◆ Extracted records ◆

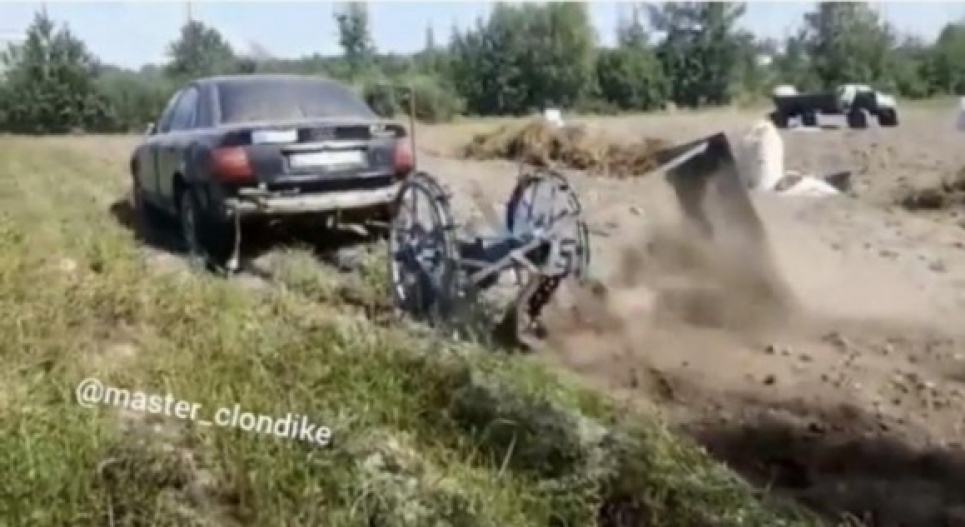 В Ровенской области Ауди выкапывала картофель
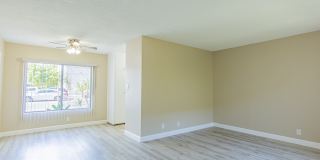 Parthenia Twin Gallery 7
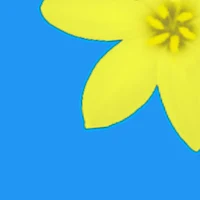 Photo Gallery Pro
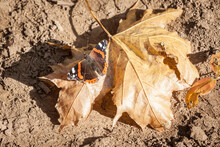 Red Admiral Butterfly Resting On A Brown Leaf In Autumn In A Forest Of Europe. Also Called Vanessa Atalanta, It Is A Very Common Butterfly In Temperate Climates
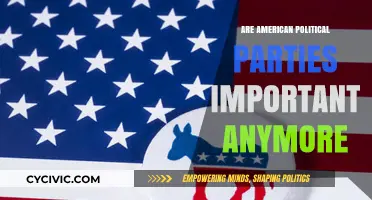 Do American Political Parties Still Matter in Today's Divided Landscape?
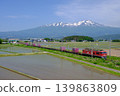 A freight train running with Mount Chokai in the background in spring. A freight train running with Mount Chokai in the background in spring. 139863809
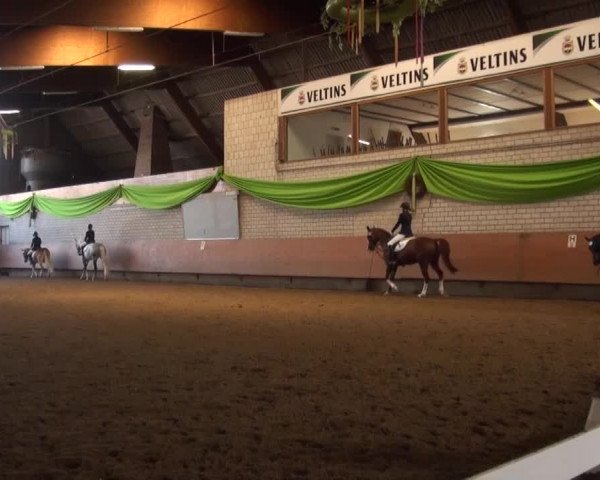 Reitturnier Hellefeld 2016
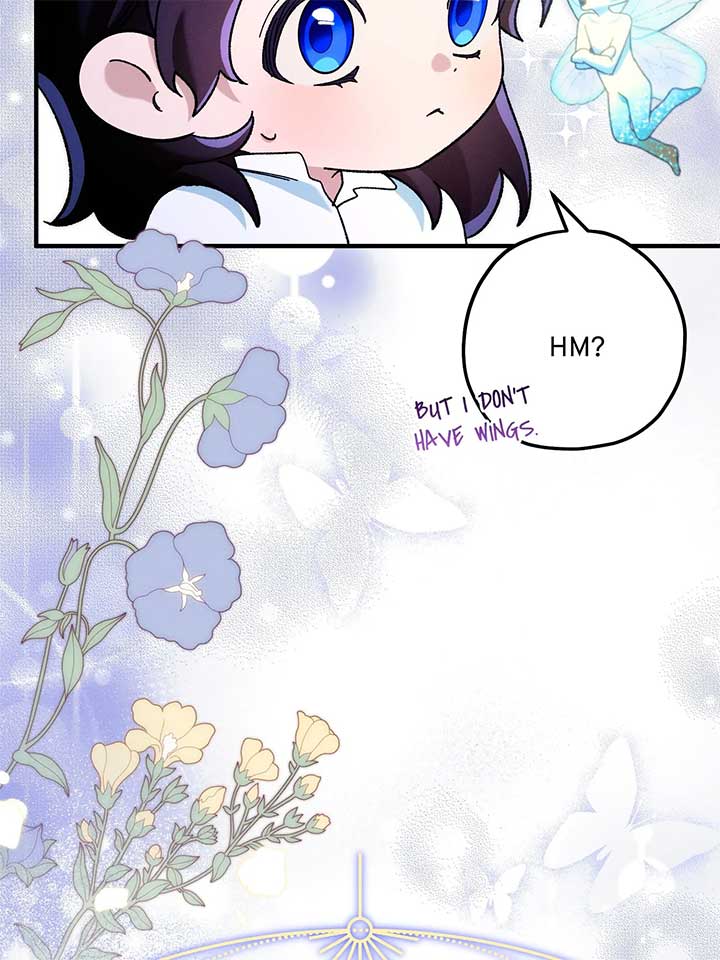 ch 81 12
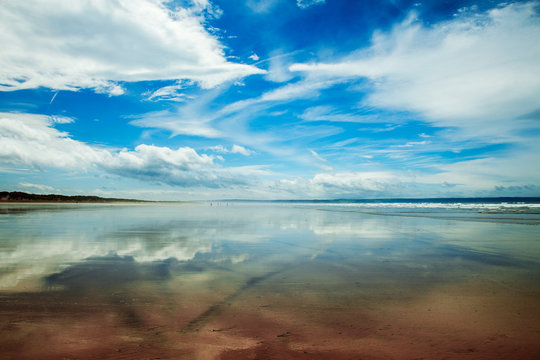 Braunton Bilder Durchsuchen 551 Archivfotos, und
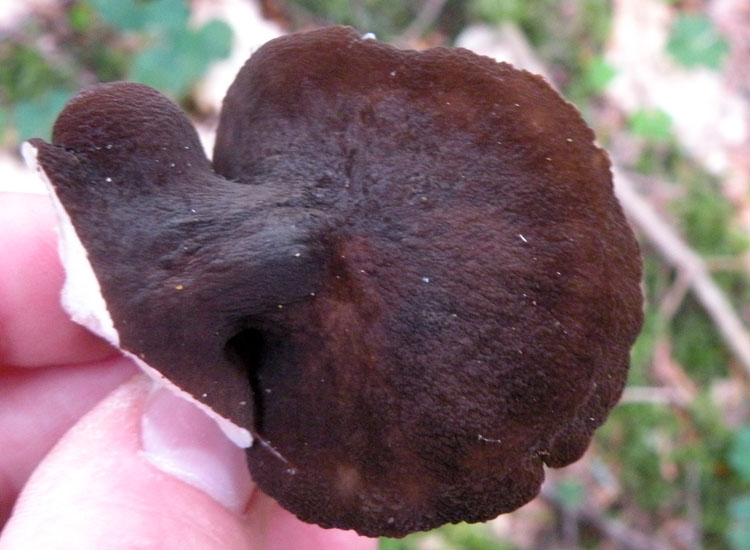 Lactarius o Melanoleuca?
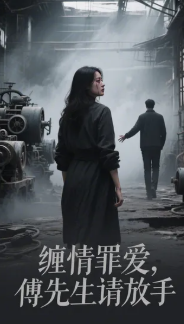 缠情罪爱，傅先生请放手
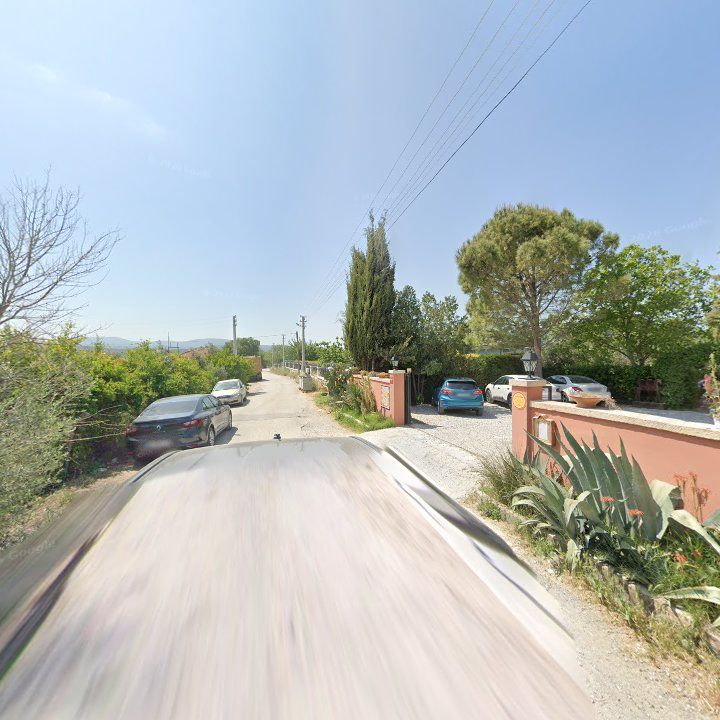 Fotoğraf 14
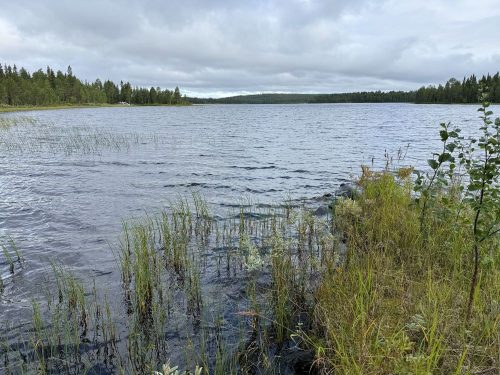 Omarantainen mökki ja sauna Kuntijärvellä, Kuusamo | 60 000 €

◆ Aim of the task ◆
Leave the pictures aside. Set down exactly the lines from the one with "Braunton Bilder Durchsuchen" through the final line of the listing above.

◆ Answer to this problem ◆
 Braunton Bilder Durchsuchen 551 Archivfotos, und
 Lactarius o Melanoleuca?
 缠情罪爱，傅先生请放手
 Fotoğraf 14
 Omarantainen mökki ja sauna Kuntijärvellä, Kuusamo | 60 000 €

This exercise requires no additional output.